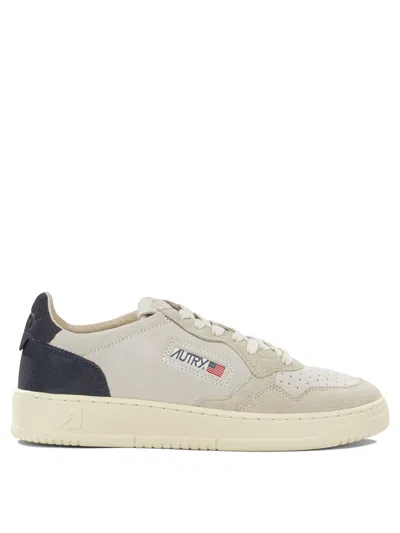 Autry Medalist Low Two-tone Calfskin And Suede Trainers In Neutral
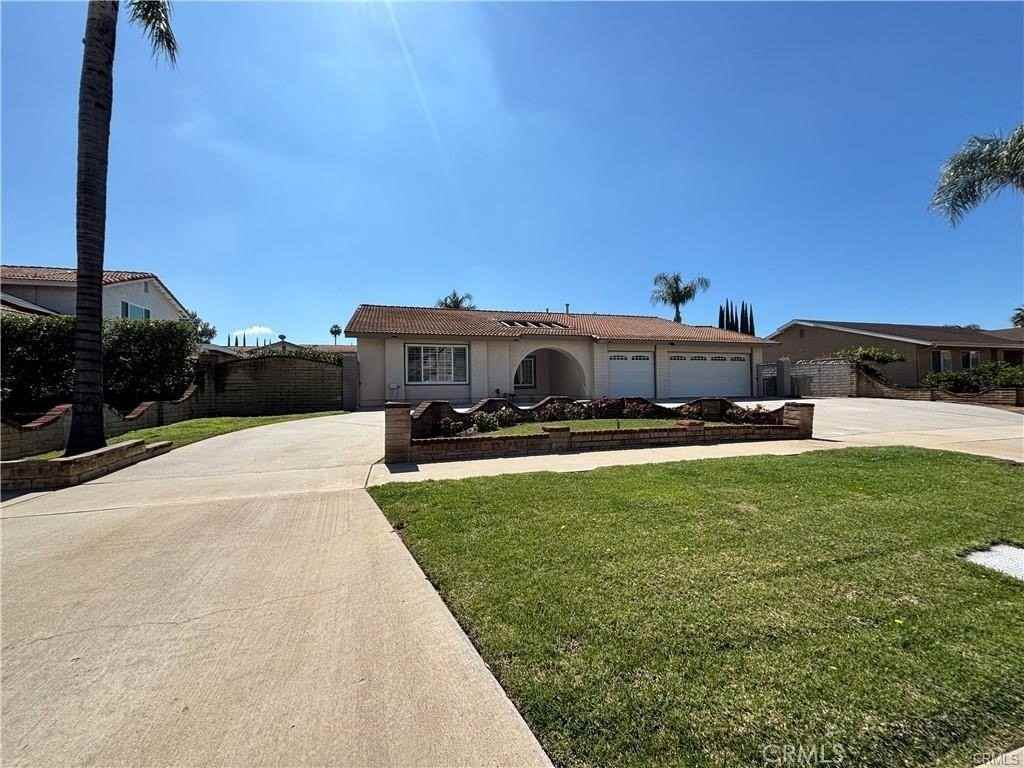 1567 Brookside Ave - Photo 2 of 16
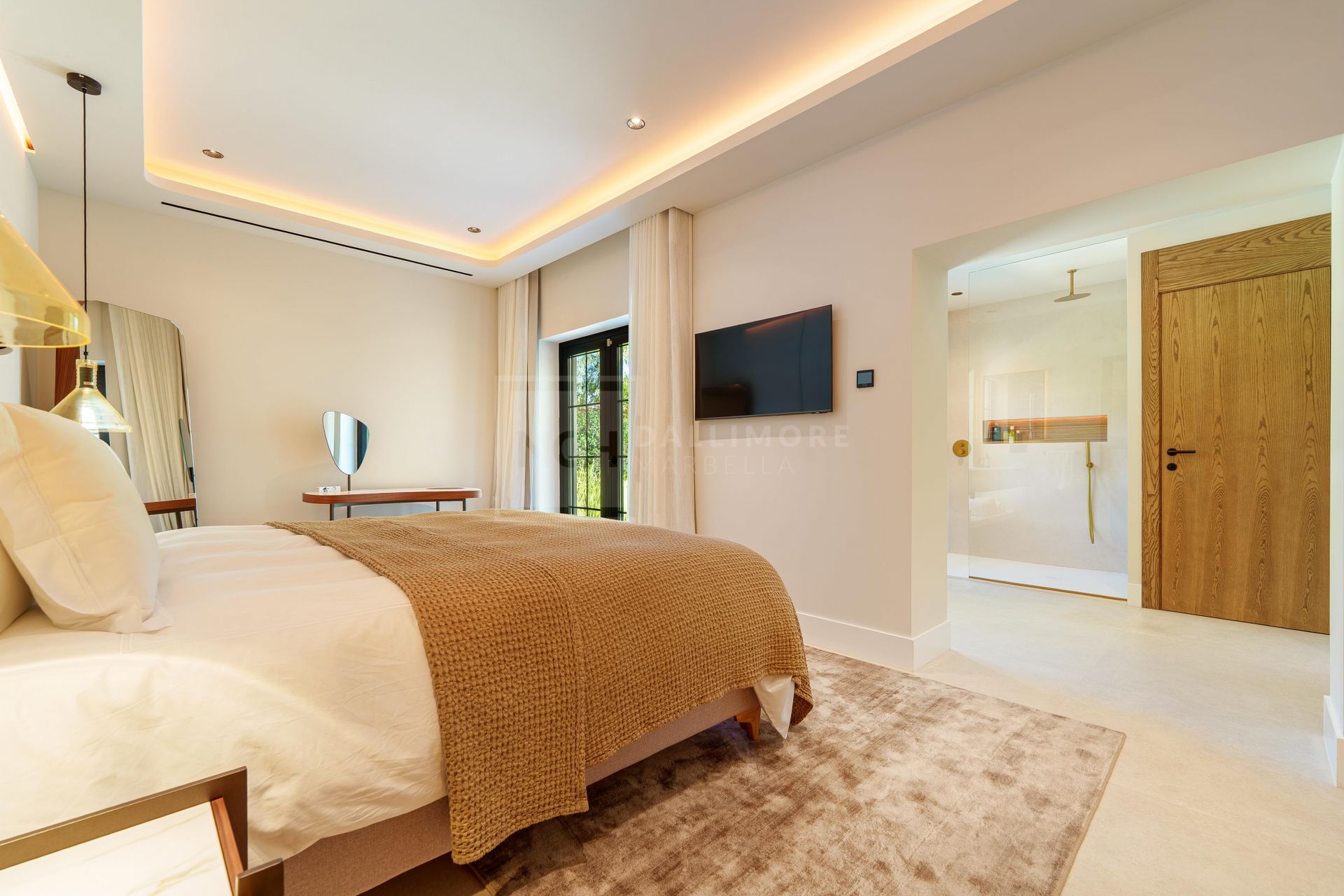 MODERN SINGLE-LEVEL 5-BEDROOM VILLA WITH SMART HOME SYSTEM AND JACUZZI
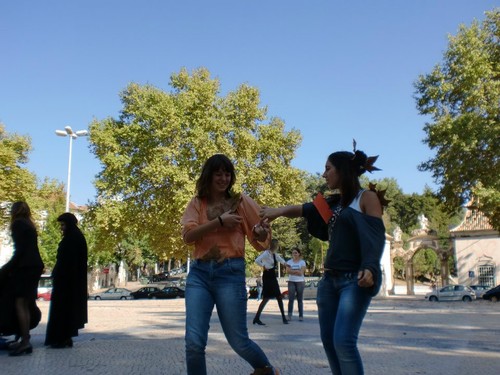 309756_262968540407264_100000823618737_651496_6702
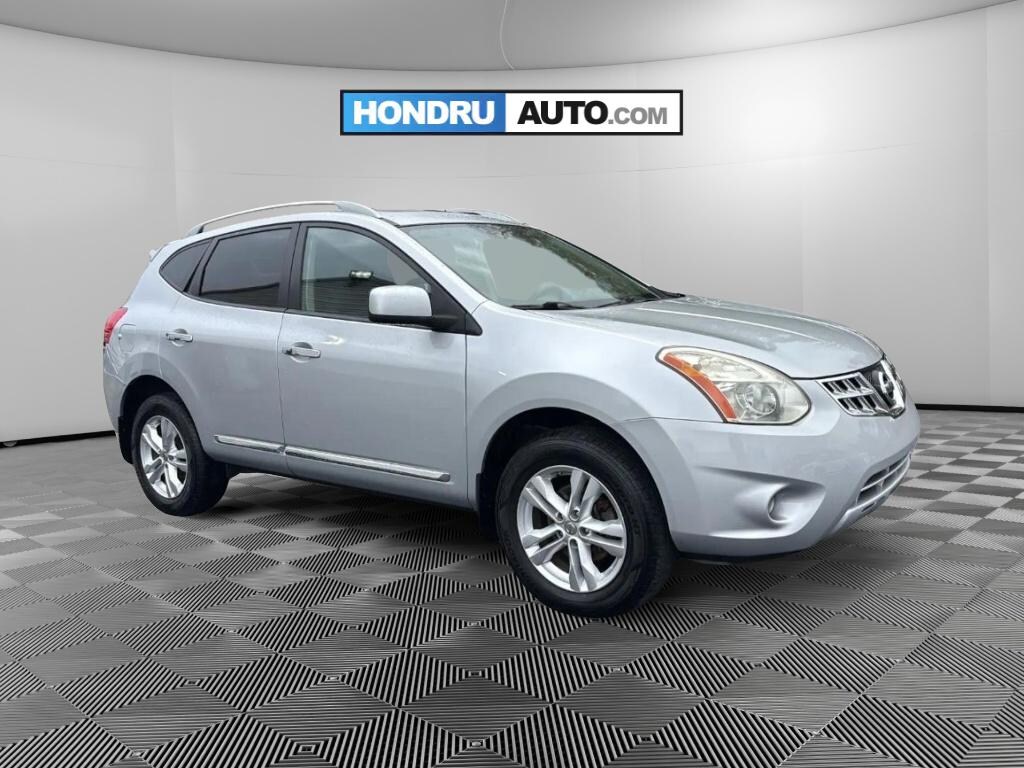 Used 2013 Nissan Rogue SV Sport Utility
══════════════════════════════
The answer must reproduce every line of the records above exactly, with all pictures left out.

 Autry Medalist Low Two-tone Calfskin And Suede Trainers In Neutral
 1567 Brookside Ave - Photo 2 of 16
 MODERN SINGLE-LEVEL 5-BEDROOM VILLA WITH SMART HOME SYSTEM AND JACUZZI
 309756_262968540407264_100000823618737_651496_6702
 Used 2013 Nissan Rogue SV Sport Utility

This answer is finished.